5.2. Discussion

The results of this chapter show that Snowflake cannot currently be used to accurately predict the following phenotypes in the ALSPAC cohort: MP:0001501 Abnormal Sleep Pattern (measured using FJCI250 Sleep symptom score), MP:0001933 Abnormal litter size (measured by mz010a Pregnancy size), MESH:D001259 Ataxia (measured by kw2030 Child ever thought to have a problem with clumsiness/coordination), and HP:0001249 Intelligence/intellectual disability (measured by f8ws150 Child had special needs). These were assessed by bootstrapping the \(F_{max}\) scores for each phenotype, which gave p>0.05 for each phenotype.

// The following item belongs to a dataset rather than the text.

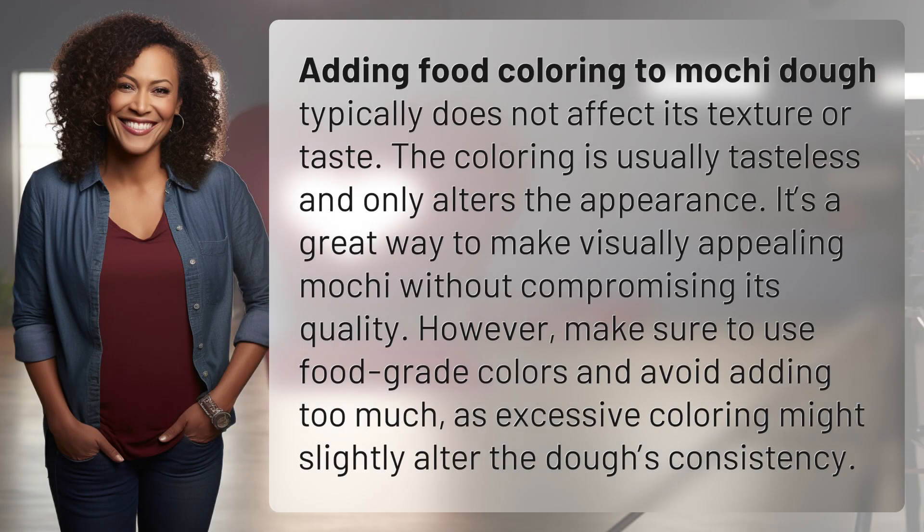Adding food coloring to mochi dough typically does not affect its texture or taste. The coloring is usually tasteless and only alters the appearance. It's a great way to make visually appealing mochi without compromising its quality.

5.2.1. Selection of phenotypes

For valid ethical reasons, it was only possible to request a small number of phenotypes from ALSPAC. Snowflake isn’t expected to work for all phenotypes, since we know there are many other mechanisms (some not even genetic) behind phenotype besides only the disruption of proteins through missense SNPs in protein-coding genes. The fact that Snowflake was not successful in predicting any of the requested phenotypes could be an indication that none of these phenotypes has this mechanism behind it. Alternatively, it could be an indication that Snowflake is not a successful method for predicting phenotypes even in these cases, and there are many reasons why that could be the case since Snowflake relies on a lot of other pieces of research and software to function.

In selecting phenotypes, I considered only (1) whether Snowflake considered these to be phenotypes where it could make a confident prediction and (2) whether the phenotypes in ALSPAC could be used to validate this prediction. I did not consider additional information that might indicate whether these were phenotypes we might expect to be able to predict, for example, whether these phenotypes were heritable, or consider whether they are desirable to predict. Since I chose these purely by looking at the distribution of scores for Snowflake, our lack of promising results could also be an indication that the phenotype-score (finding interesting distributions of phenotypes) is unsuccessful.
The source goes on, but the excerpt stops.